Julie Morgenstern, in Never Check E-Mail In the Morning: And Other Unexpected Strategies for Making Your Work Life Work:
Warming up your day by knocking off a bunch of quick, easy tasks is tempting, but it can provide you with a false sense of accomplishment.
The danger in this approach is that the bulk of your energy gets depleted over a bunch of insignificant tasks. First there’s email, then a couple of phone calls, then a meeting, then huddles with some direct reports and a quick sign-off on a project budget — then, guess what? It’s time for lunch!

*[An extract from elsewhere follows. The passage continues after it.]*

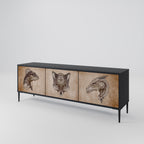 STEAMPUNK CLAN 3-Door TV Stand in Black Finish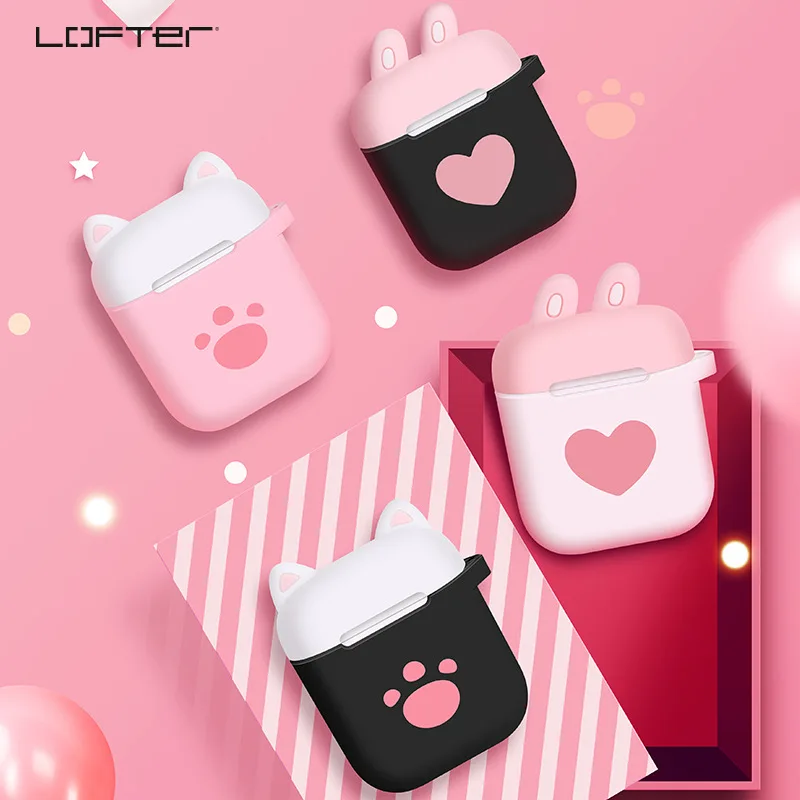 LOFTER милый мягкий силиконовый защитный чехол с котенком для AirPods Беспроводная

To warm up after lunch, you start off with another round of email, then a client eats up your mid afternoon, and suddenly it’s 5 pm — and you never got around to, much less finished, the grant proposal — your day’s one-step-from-the-revenue-line priority. In fact, you can’t even remember what you did get done.
Solution: You must retrain yourself to choose the important over the quick, the tough over the easy, no matter how intimidating the project may be. Starting too far from the revenue line prevents you from producing the volume of revenue-generating work that your company actually relies on and pays you for.
Working from the bottom up puts you in a risky position — when that inevitable crisis appears, . . . how can you possibly handle it when you haven’t even gotten to your most important assignment yet!
Completely two or three tasks that directly make or save your company money far outweighs finishing twenty things that are three steps from the revenue line.